Paul Scherrer Institut
Dr. Leonardo Sala
Group Leader High Performance Computing
Deputy Section Head Science IT
Science IT
WHGA/106
5232 Villigen PSI
Switzerland

Phone: +41 56 310 3369
leonardo.sala at psi.ch
www.psi.ch

On 03.10.19 19:15, Malahal R Naineni wrote:
> >> @Malahal: Looks like you have written the netgroup caching code, 
> feel free to ask for further details if required.

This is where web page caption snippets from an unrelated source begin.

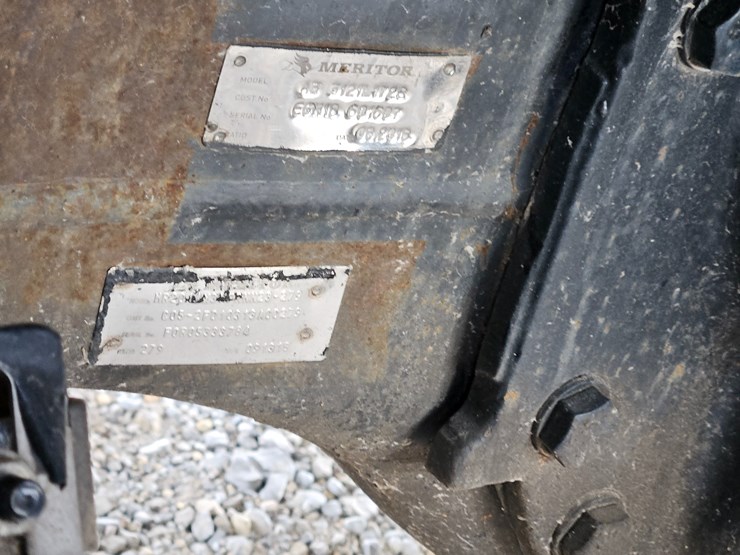 peterbilt-579-image-68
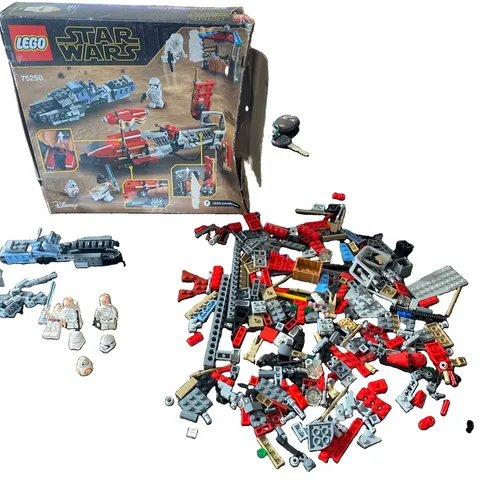 Used LEGO Star Wars Pasaana Speeder Chase 75250 Rise of Skywalker Set 1/3 Assemb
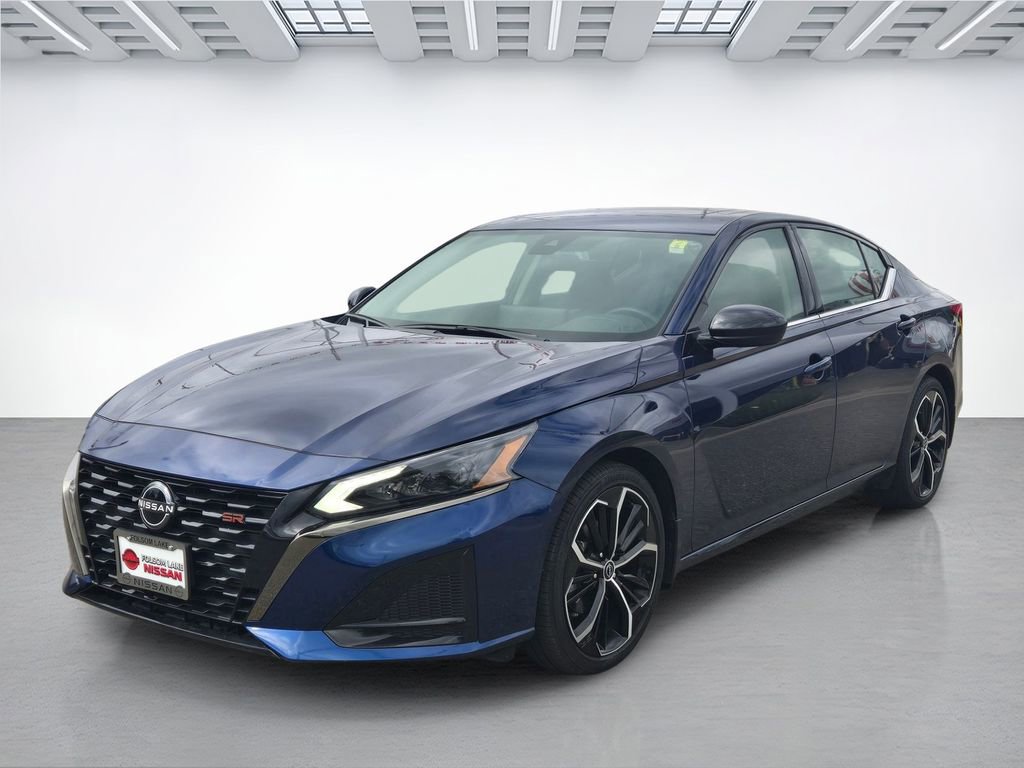 Used 2023 Nissan Altima 2.5 SR w/ SR Premium Package FWD image 8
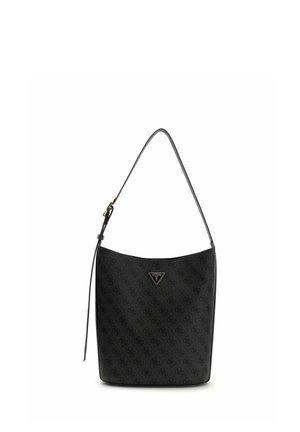 Sac seau noir de Guess avec motif répétitif du logo, une bandoulière ajustable et un emblème triangulaire en métal de la marque à l'avant.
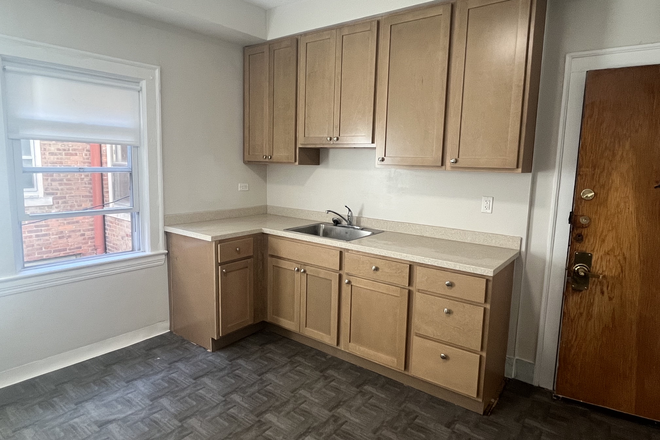 Kithen - 2288 Murray Hill (CWRU Housing) Apartments
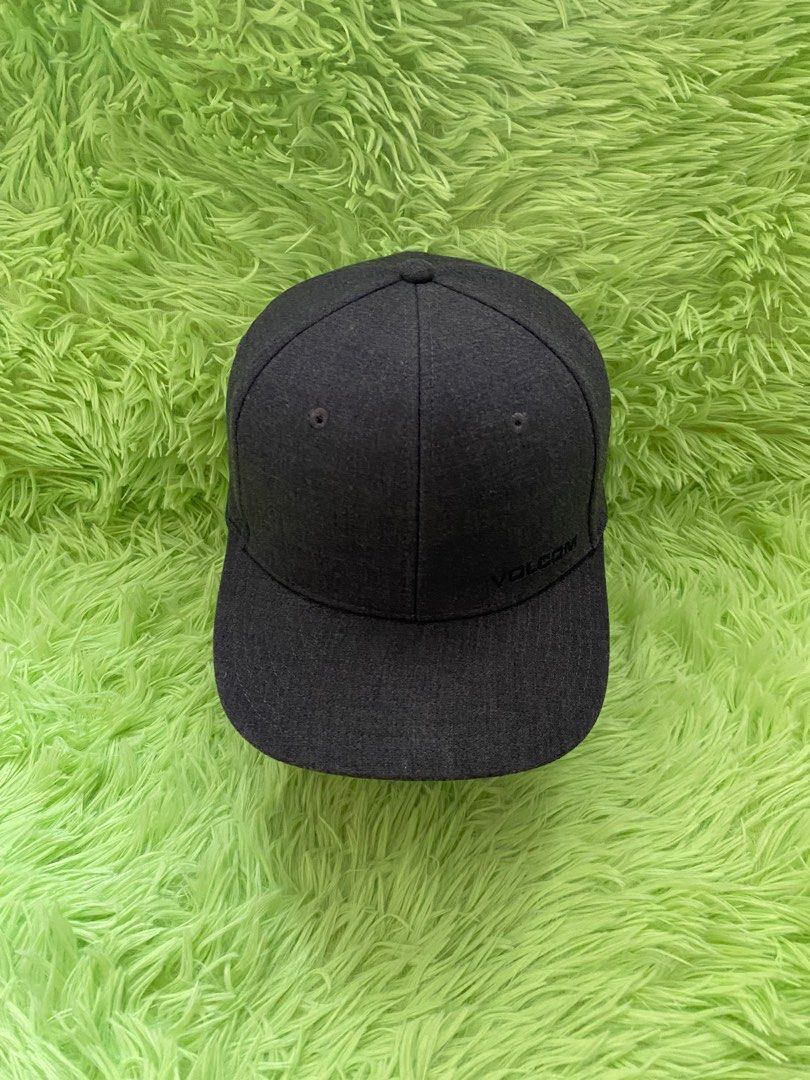Volcom Dark Gray Flexible Fit Cap (Category: Caps & Hats) located in Makati City. Submitted by cap_garden (Listing ID 1398540619, Image 1). Description: Brand : Volcom Style : Flexible Fit Color : Dark Gray Materials : Polyester Size : S/M Price : ₱750 Condition : Like New Issue : None Location: Bel Air Makati Mop: Gcash Only (NO COD / COP) Shipping: LBC / J&T / Lalamove No Return / No Exchange.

> Hi Ulrich, Ganesha uses innetgr() call for netgroup information and 
> sssd has too many issues in its implementation. Redhat said that they 
> are going to fix sssd synchronization issues in RHEL8. It is in my 
> plate to serialize innergr() call in Ganesha to match kernel NFS 
> server usage! I expect the sssd issue to give EACCESS/EPERM kind of 
> issue but not EINVAL though.
> If you are using sssd, you must be getting into a sssd issue. 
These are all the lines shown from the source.